A "statute of limitations" is a state law that sets a time limit on a potential plaintiff's right to bring a lawsuit. These deadlines vary depending on the kind of harm you suffered and/or the kind of case you want to file.

  • the two-year deadline for filing most car accident injury lawsuits

  • the four-year time limit on the filing of most lawsuits for vehicle damage caused by an accident, and

  • Georgia's "modified comparative fault" rule, which allows for financial recovery only when the claimant was less responsible than the other party (or parties) for causing the car accident.


Car insurance is certain to play a part in any claim that's made after a car accident. Georgia, like most states, requires vehicle owners to maintain certain minimum amounts of liability coverage. So, understanding the Georgia auto insurance rules is essential to any potential car accident case.


"Comparative fault" refers to the situation where more than one party is at least partially at fault for an accident. States follow different approaches in this scenario.
In a Georgia personal injury lawsuit, you can recover against any party who was more at-fault than you were, but your damages (your financial recovery) will be reduced by a percentage that corresponds to your share of liability. In legalese, this means Georgia is a "modified comparative negligence" state.
Of course, this rule controls judge or jury awards in civil lawsuits (if you get to that stage). But before you get to that point, a car insurance claims adjuster will negotiate a settlement with an eye on Georgia's comparative fault rules. Keep in mind that because there is not a precise method to apportion fault empirically, the ultimate decision as to fault will depend on your ability to negotiate with an insurance claim adjuster, or to convince a judge or jury.
To see how this rule plays out in real life, we'll take a look at an example. Let's say you're driving a few miles-per-hour over the speed limit when another driver suddenly makes a left turn in front of you. Without enough time to stop, you collide with the other car. The other driver is found to be 80 percent at fault, but since you were speeding, the jury (or adjuster) figures that you were 20 percent at fault for the accident. If you would otherwise be entitled to a $10,000 award or settlement, it would be reduced to $8,000 based on your 20-percent share of fault.
One last note: You will not be able to recover anything at all under Georgia's modified comparative negligence rule if your share of fault for the accident meets or exceeds 50 percent.


Truck accidents have devastating effects. Having a Georgia truck accident lawyer on your side can at least ease the devastation. It doesn’t matter whether you’re hit by a truck owned by a Georgia company, or whether you’re hit by a truck belonging to an out-of-state company, you’ve been hit and you have questions.
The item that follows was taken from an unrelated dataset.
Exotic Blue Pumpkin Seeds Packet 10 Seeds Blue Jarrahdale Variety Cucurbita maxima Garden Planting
In order to keep other drivers safe, tractor-trailer companies are regulated by the federal and state governments. The federal government’s rules are called the “Federal Motor Carrier Safety Regulations,” or “FMCSR” for short. The FMCSR apply to motor carriers operating in multiple states. Georgia has adopted essentially the same set of regulations and applied them to Georgia-only companies. Virtually all of the regulations are the same. The differences are mostly in name. For example, if a federal rule is called 49 CFR § 390.4, the Georgia rule is called “DPS 1-390.4.” The Georgia Department of Public Safety is the state agency responsible for enforcement of truck driving laws.


Some trucks don’t qualify as a commercial vehicle, but are still bound by many of the same rules. A good Georgia truck accident lawyer knows that these vehicles are called “lightweight commercial vehicles”. O.C.G.A. § 40-1-1 explains that if the truck is used by a Georgia business to transport property for compensation; is used to transport passengers for compensation, other than a taxicab; or is a wrecker or tow truck, then the vehicle qualifies as a lightweight commercial vehicle.
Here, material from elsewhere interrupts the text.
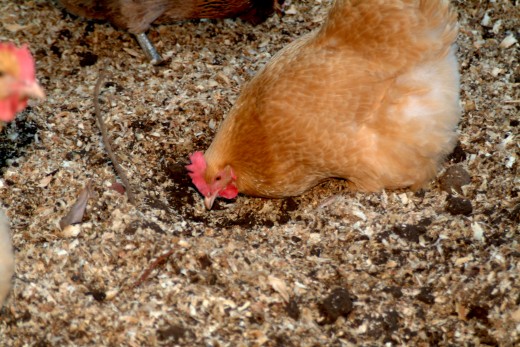A Hen Starting a dirt bath hole.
In a car accident lawsuit, a personal injury lawyer is legally not allowed to identify the driver’s car insurance even though the driver’s car insurance is paying for the driver’s defense and paying for the driver’s coverage. Truck accidents are different. In a truck accident case, a Georgia truck accident lawyer knows that he can and should identify the driver, the truck company, and the insurance company that insures the trucking company in the title of the lawsuit.
We include the company because the company was responsible for hiring, supervising, training, and/or employing the driver who caused the crash. The trucking company is usually also liable under the legal doctrines of “vicarious liability” and “respondeat superior.” In simplified terms, those doctrines mean that when the driver was an employee of the company and was driving within the course and scope of his employment at the time of the collision, the company is liable for the driver’s actions. See PN Express, Inc. v. Zegel, 304 Ga. App. 672 (2010).



Slip and fall accidents are caused by a variety of hazards and obstacles, including poor lighting, uneven flooring and broken handrails.
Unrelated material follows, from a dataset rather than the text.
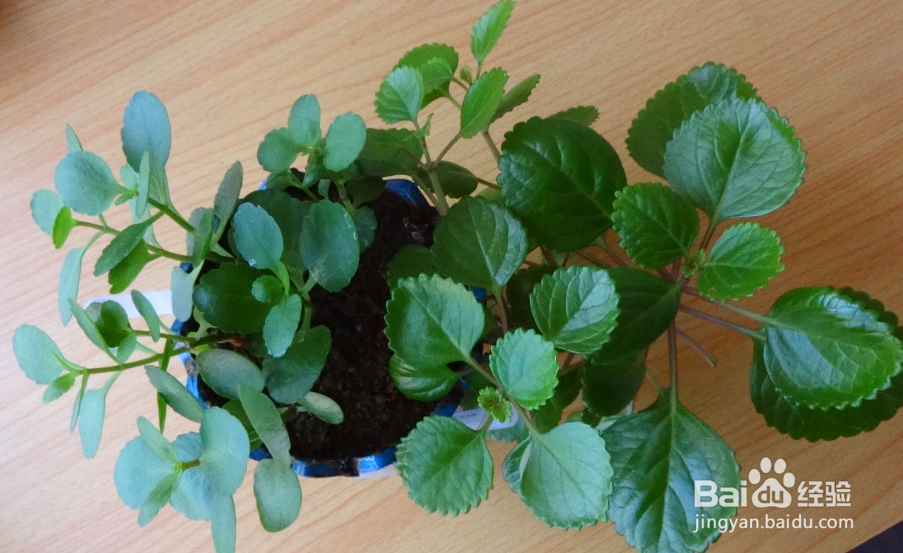 盆栽怎么施肥 家庭花卉追肥技巧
In some cases, property owners knew about these obstacles and failed to take adequate steps to remove them to help ensure the safety of those who enter their property. This could be considered negligence under Georgia law.



Property owners owe a higher standard of care to invitees than to anyone else who enters their property. Under the Official Code of Georgia (O.C.G.A.) Title 51 Chapter 3 Article 1, property owners are liable for damages caused by a failure to exercise ordinary care to keep the premises safe.

This means that property owners must take reasonable steps to inspect the premises and ensure conditions are safe for invitees. However, this does not mean property owners have a legal obligation to continually patrol the premises to look for hazards because that would be unreasonable.


The legal duty owed to invitees applies only to hazards that property owners had actual or constructive knowledge about.

Actual knowledge means that the property owner could see, hear, touch or smell the obstacle in question.

Constructive knowledge refers to a hazard that the property owner should have known about.

Constructive knowledge is much more difficult to establish than actual knowledge. One way to do so is to prove that an employee of the owner was in the immediate vicinity of the hazard and could have easily noticed it and taken steps to fix it.

Another way to prove constructive knowledge is to prove the property owner failed to exercise reasonable care when inspecting the premises.

In some cases, violations of ordinances or codes can be used as evidence that a property owner was aware or should have been aware of a hazard.